If I ever look at a guy and start talking about pushing out a litter of puppies then I know I've truly fallen in love. And that I am doomed.
So far so good, no monkey-poo for me.
And why is it, the only guys I am meeting any more are single dads? What, was there a sale on at Canadian Tire one afternoon or something? Buy one monkey-poo and get the second half off?
Get really icky when you are standing in line for the damned bus and some guy with a double stroller covered in monkey-poo vomit and sticky fingerprints starts smiling at you and telling you that his oldest monkey-poo has just started teething and sleeping through the night.
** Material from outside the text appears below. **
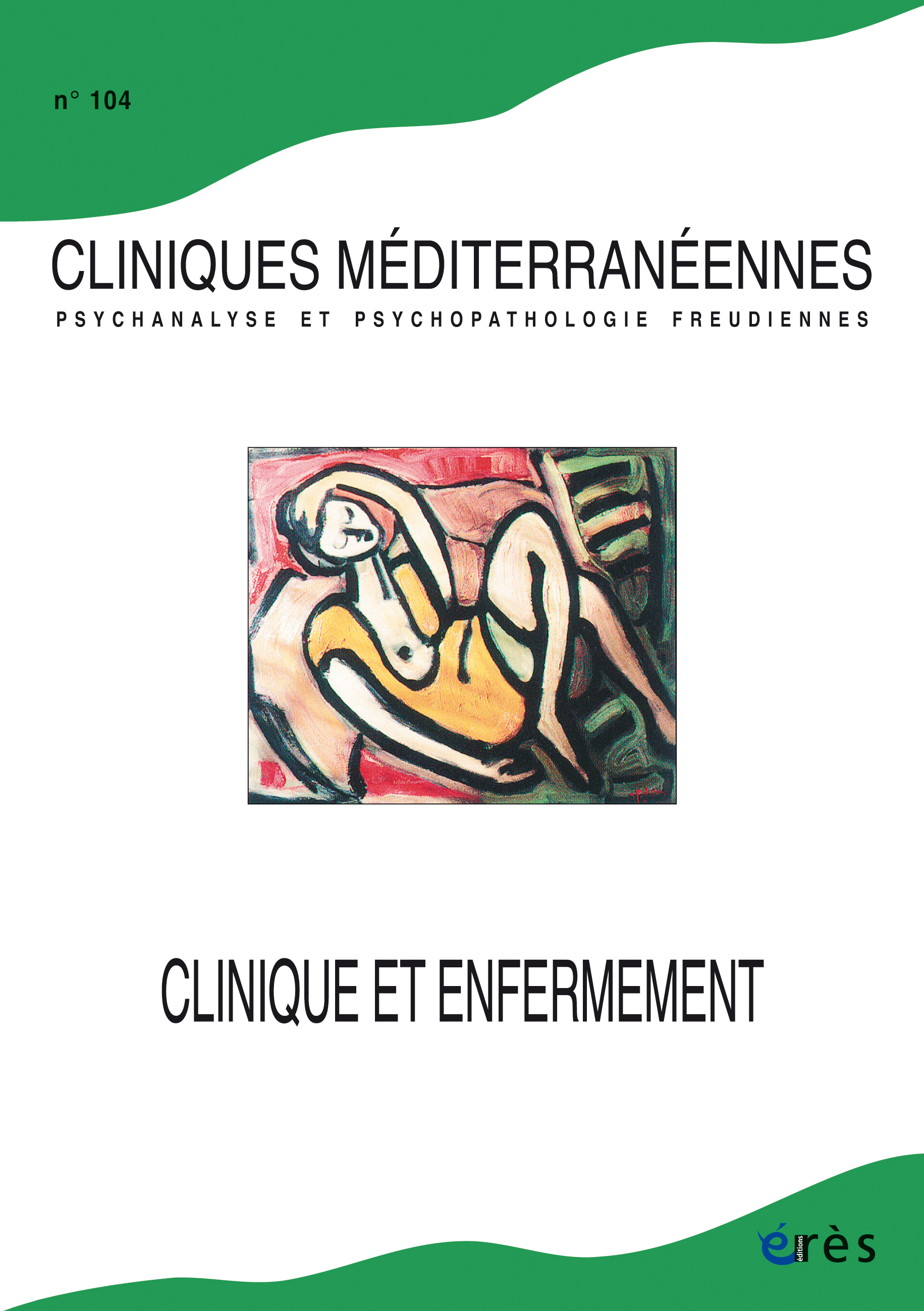 Cliniques méditerranéennes. Dossier « Clinique et enfermement » Cliniques méditerranéennes. Dossier « Clinique et enfermement »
Um okay, and this has what to do with me? Nothing. Right. Then why do the single dads continue to chat me up when I am out places. I thought I sent off "so not interested" vibes with my ipod in my ears and my arms crossed or on my cell phone. But no, the single dads zero in and start doing their little dance of balancing one kid on their hip and the dipper bag over their shoulder while they smile and wink and try to catch the flying toys their monkey-poos are throwing at other people.
That really doesn't impress me. At all. And for me to really fall in love, honestly 100% fall in love, looking at the guy with the desire to push out a litter of puppies he's going to have to be a total god. Like Dionysus in human form. (yeah I know I have called Alex Shelley, Dionysus in human form) And no man so far has had that affect on me.
Wow, I really am incapable of loving someone.